Let's make a substitution $\sin(\theta)=y$
$$
I(x,z)=\int_{0}^{\sin(z)}\frac{J^2_{1}(x y)}{y^2\sqrt{1-y^2}}dy
$$
Because $z\approx0.1$ we may that assume $\sin(z)\approx z$. Furthermore we perform another subsitution $\frac{y}{z}=q$ yielding
$$
I(x,z)=z\int_{0}^{1}\frac{J^2_{1}(x z q)}{(zq)^2\sqrt{1-(zq)^2}}dq
$$
As a first step to simplify the problem we may observe that for $z\approx 0.1$, $\sqrt{1-(zq)^2}\approx 1$ over the whole domain of integration. Therefore:
$$
I(x,z)\approx\frac{1}{z}\underbrace{\int_{0}^{1}\frac{J^2_{1}(x z q)}{q^2}dq }_{Q(x,z)}\quad(1)
$$
Essentially there are two ways to go from here on:
1.) Ask Mathematica what the result of this integral is:
$$
I(x,z)\approx\frac{1}{4} x^2 z \, _1F_2\left(\frac{1}{2};2,3;-(x z)^2\right) \quad(2)
$$
Note that this result is valid for all values of $x$! only the assumption that $z$ is sufficiently smaller then 1 was made!. If you are interested in the large $xz$ you may use 15.8.2 from here which connects small arguments of $_2F_1$ to big arguments of $_2F_1$. If i have done everything correctly this matches with the answer found by @Raymond Manzoni
$$
I(x,z)\sim\frac{4}{3\pi}x
$$
2.) Second approach would be to really to dig in (1) and derive the explicit results for $xz \rightarrow \infty$ using a split of integration range and asymptotic expansions of Bessel functions.

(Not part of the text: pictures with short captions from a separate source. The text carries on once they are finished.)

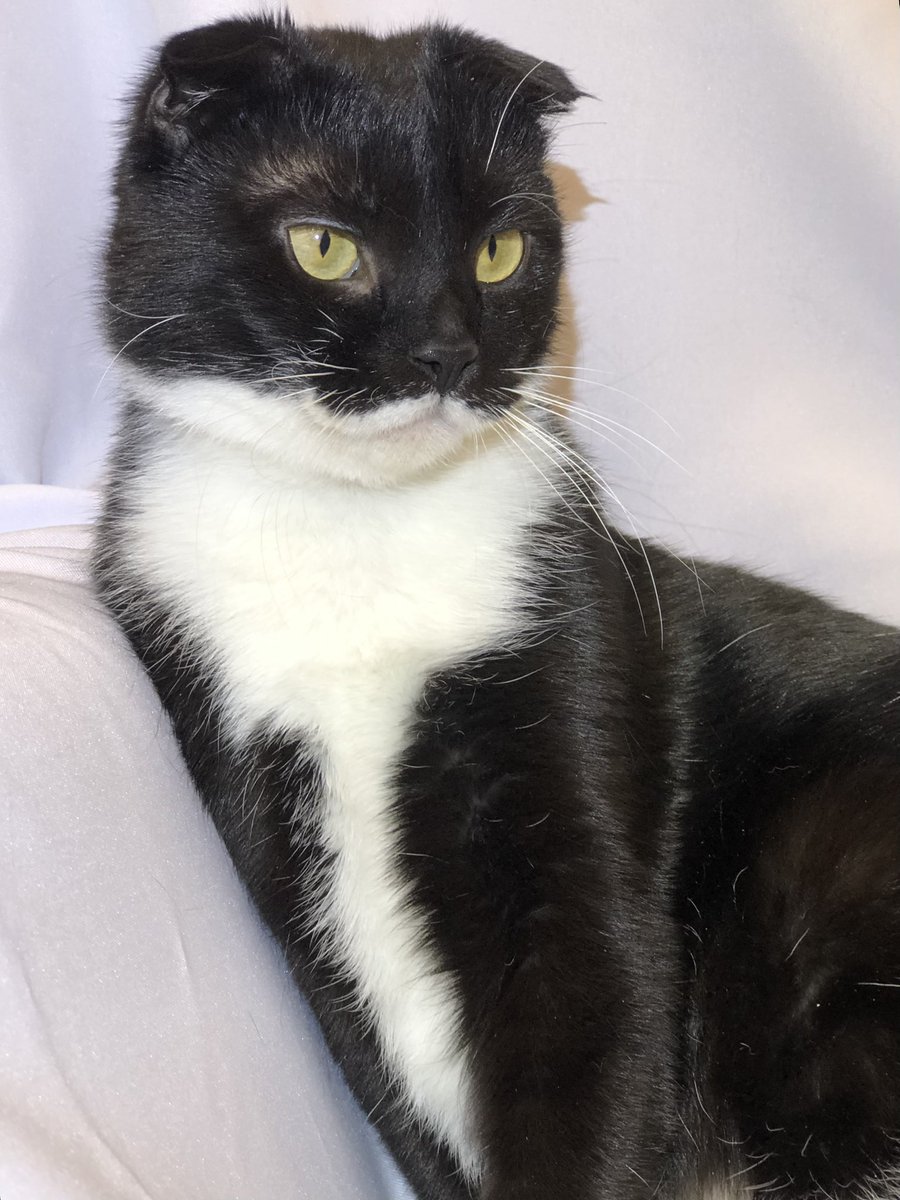 Приют Убежище tweet media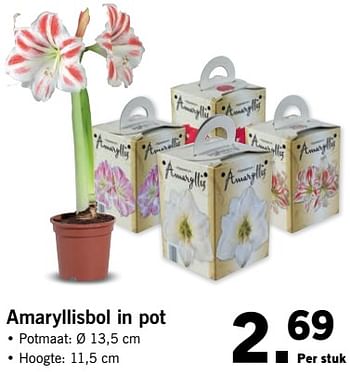 Aanbiedingen Amaryllisbol in pot - Huismerk - Lidl - Geldig van 30/10/2017 tot 05/11/2017 bij Lidl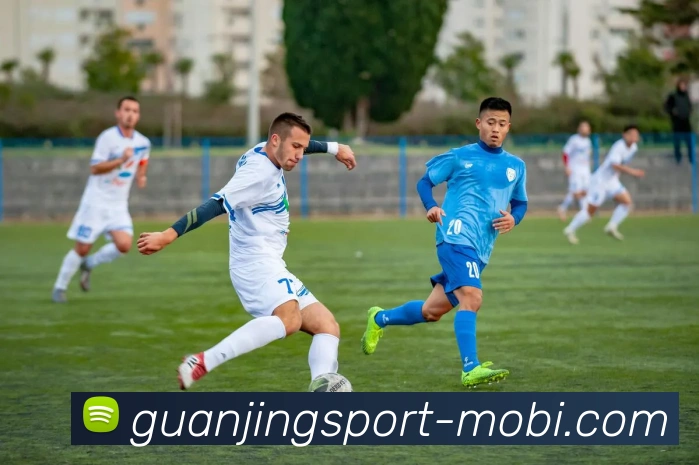 冠竞体育平台生态图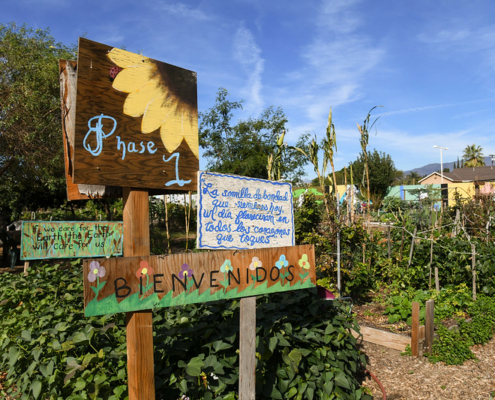 colorful painted signs in a raised-bed garden with houses and blue sky in the background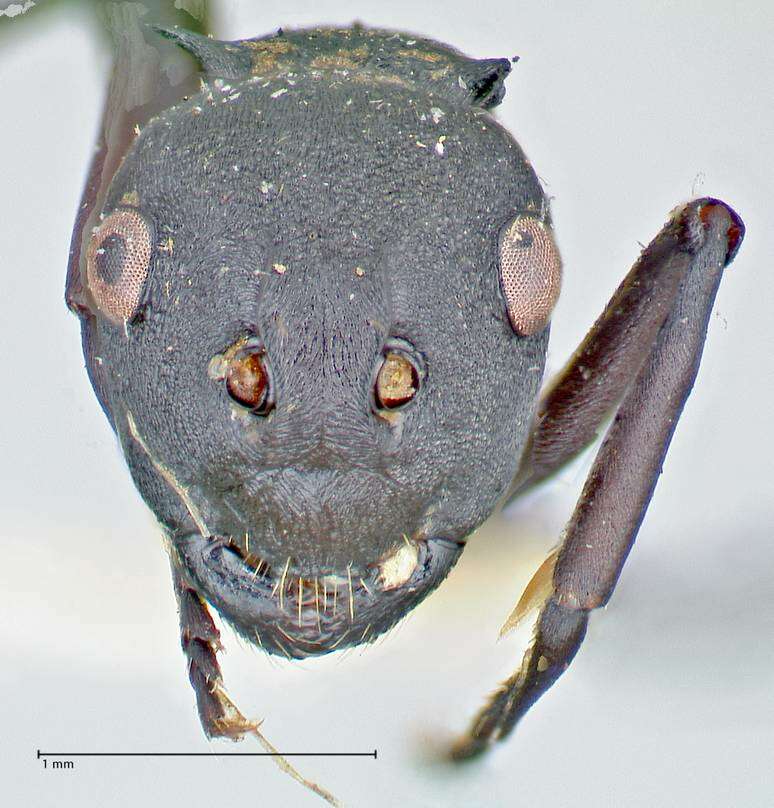 Image de Polyrhachis flavicornis Smith 1857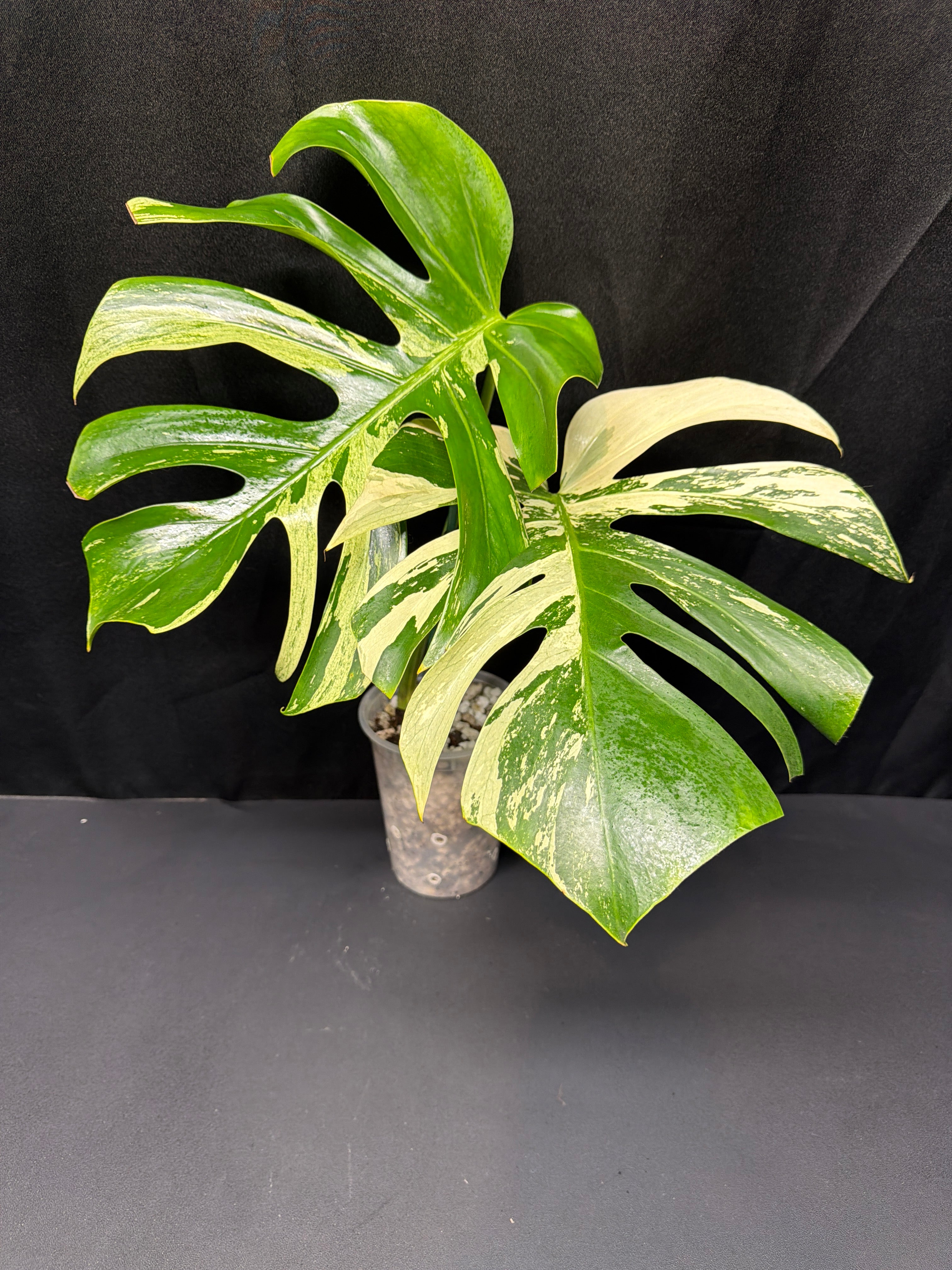 jungle mint monstera Monstera Jungle Mint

I hope i can finish this approach today or tomorrow when i'm less busy. But i'm quite sure this works out fine.
$\bf{Appendix}$
To prove (2) we may employ the following representation of $J^2_1(x)$:
$$
J^2_1(x)=\sum_{m=0}^{\infty}\frac{(-1)^m}{2^{2+2m}}\frac{x^{2m+2}\Gamma(2m+3)}{m!\Gamma(m+3)\Gamma^2(m+2)}
$$
Now after switching summation and integration
$$
Q(x,z)=\sum_{m=0}^{\infty}\frac{(-1)^m}{2^{2+2m}(2m+1)}\frac{(zx)^{2m+1}\Gamma(2m+3)}{m!\Gamma(m+3)\Gamma^2(m+2)}
$$
By application of the duplication formula of the gamma function this may be reduced to
$$
Q(x,z)= \sum_{m=0}^{\infty}\frac{(-1)^m}{2\sqrt{\pi}}\frac{(zx)^{2m+1}\Gamma(m+\frac{1}{2})}{m!\Gamma(m+3)\Gamma(m+2)}
$$
Using the definition of Pochhammer symbol $(x)_n=\frac{\Gamma(x+n)}{\Gamma(x)}$ we find that $(\frac{1}{2})_n=\sqrt{\pi}\Gamma(n+\frac{1}{2}),(2)_n=\Gamma(n+2)$ and $(3)_n=2\Gamma(n+2)$ so we can reformulate
$$
Q(x,z)= \frac{z^2x^2}{4}\sum_{m=0}^{\infty} \frac{(-z^2x^2)^{m}(\frac{1}{2})_m}{m!(2)_m (3)_m}
$$
Using the series representation of $_1F_2$ we may conclude that
$$
Q(x,z)=\frac{z^2 x^2}{4}{_1F}_2\left(\frac{1}{2};2,3;-(x z)^2\right)
$$
Which proves (2)